Why is the Kyrgyz Republic pursuing road sector reform? One obvious reason is to make sector operations more efficient and effective in light of limited resources.
Several factors drive the push for reform in this regard, such as a historic lack of transparency in the use of allotted sector funds, unclear distribution of responsibility between each level of management, and the country’s limited revenue stream.
Another key reason, however, is the importance of establishing a stake in transit traffic in Central Asia.
The government recognizes the Kyrgyz Republic’s strategic location at the crossroads of the region, and the potential for economic growth that can be generated by its international roads. Such a road network needs to be robust for the country to take better advantage of the Eurasian Customs Union and the Belt and Road Initiative, and to raise its profile in the global economy.
With such high stakes involved, the old way of running the road sector simply will not work.
The government approved in 2015 its Road Sector Strategy, which seeks to promote economic development by providing access to markets for goods, labor and social services, and make the whole sector more sustainable by improving the road sector management system. The Kyrgyz Republic is following an aggressive agenda to ensure its role as a key player in transit trade, and in the development of a regional road network in Central Asia.
Key priorities include a staged reform of road sector management, creating a research and development center for the sector, and expanding the country’s international roads by 60%, from 1,600 km to 2,675 km by 2025.
The road sector reform aims to provide transparency in the use of budget funds, a clear distribution of responsibilities between each level of management, and to modernize road technical regulations.
The first stage of the reform process, which includes a realignment of the Ministry of Transport and Roads, consolidating road maintenance units, and gradually moving toward a client-contractor relationship, is almost completed. Sixteen legislative acts have been drafted to formalize the changes.
With the reforms, the government hopes to meet a key development challenge: maintain the country’s 34,000 km of roads in good condition while it expands its international road network.
Road sector reform is a monumental task
While aggressive borrowing from bilateral and multilateral partners may suffice in the short term, more sustainable solutions are needed if the road assets built are to be protected from deteriorating too quickly with increasing traffic.
Development partners, including ADB, are assisting the government on many fronts to safeguard its road assets. They are helping the Kyrgyz Republic take stock of its road infrastructure; devise legal, financial, and institutional solutions to enhance sustainability; and implement the performance-based maintenance contract method for more effective use of resources in road preservation.
These are all monumental tasks that the government cannot accomplish alone.
Through its partnership over the past twenty years, ADB has assisted the country in developing its road network, rehabilitating nearly 900 km of roads. The challenge now is to help the government exploit and manage its potential for economic growth through its road assets.

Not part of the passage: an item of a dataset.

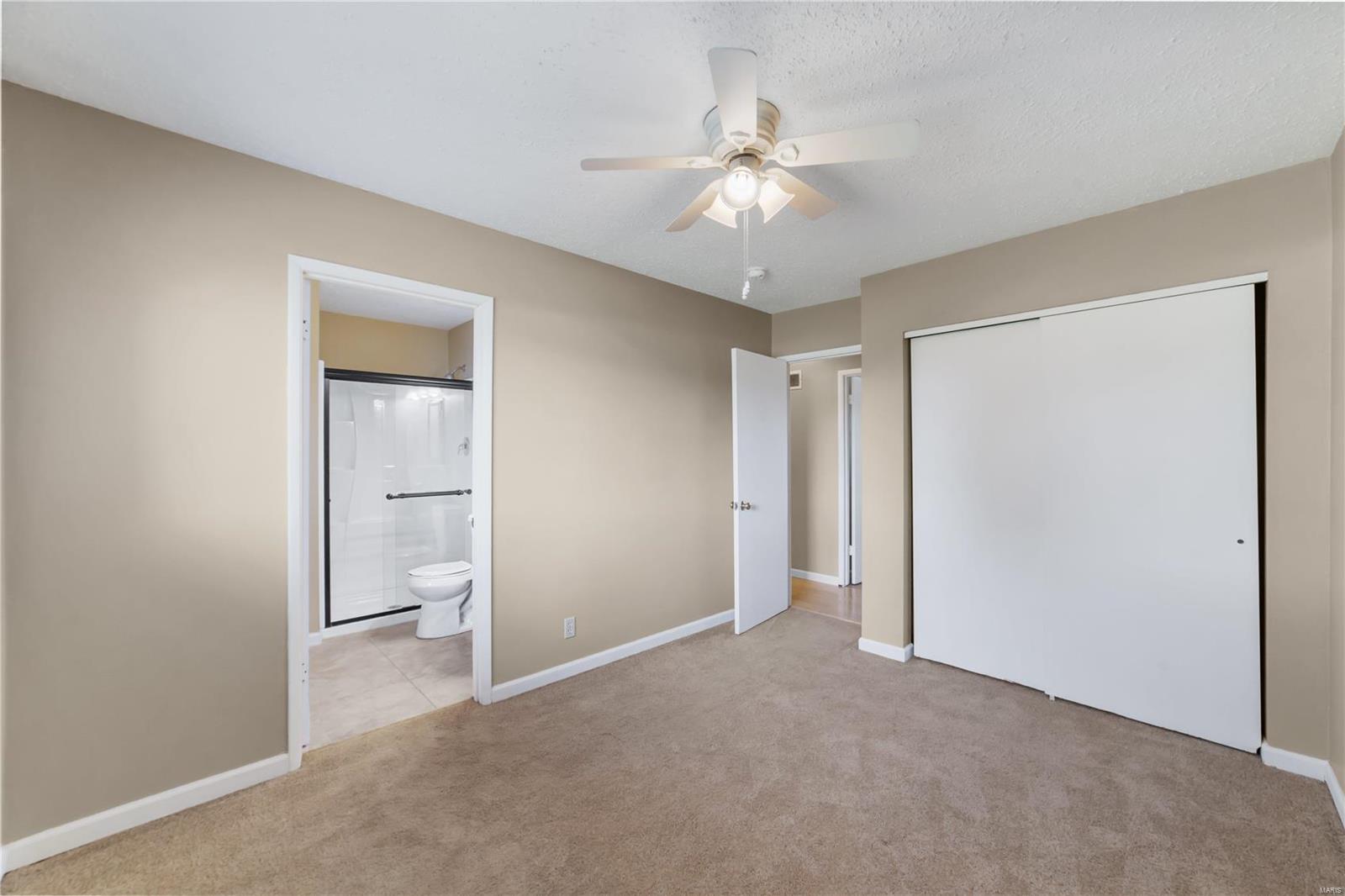 1716 Springhill Drive O'Fallon, MO 63366 - Photo 18 of 24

Last month, more than 80 road sector stakeholders gathered in Bishkek to participate in the Kyrgyz Republic International Road Sector Conference organized by the Ministry of Transport and Roads, with support from ADB. The conference was held to highlight progress in road sector reform, and analyze current Kyrgyz road development and maintenance trends.
Development and other sector partners shared experience in public-private partnerships, procurement challenges, and environment and resettlement safeguards. International experts discussed the road asset management system and performance-based maintenance contract system that the Kyrgyz Republic is piloting.
Participants also raised concerns about road safety issues and accident rates in the country.
In one candid moment during the conference, a presenter was asked why, despite so many difficulties in awarding performance-based maintenance contracts, the country was still trying this method.
“If we were always afraid of failure,” the presenter replied, “many great inventions and changes would never have happened.”
Road sector reform to meet a long-term development agenda in the Kyrgyz Republic is one of these great changes. We expect a lot of hard work and a number of failures, but we still help to make change happen.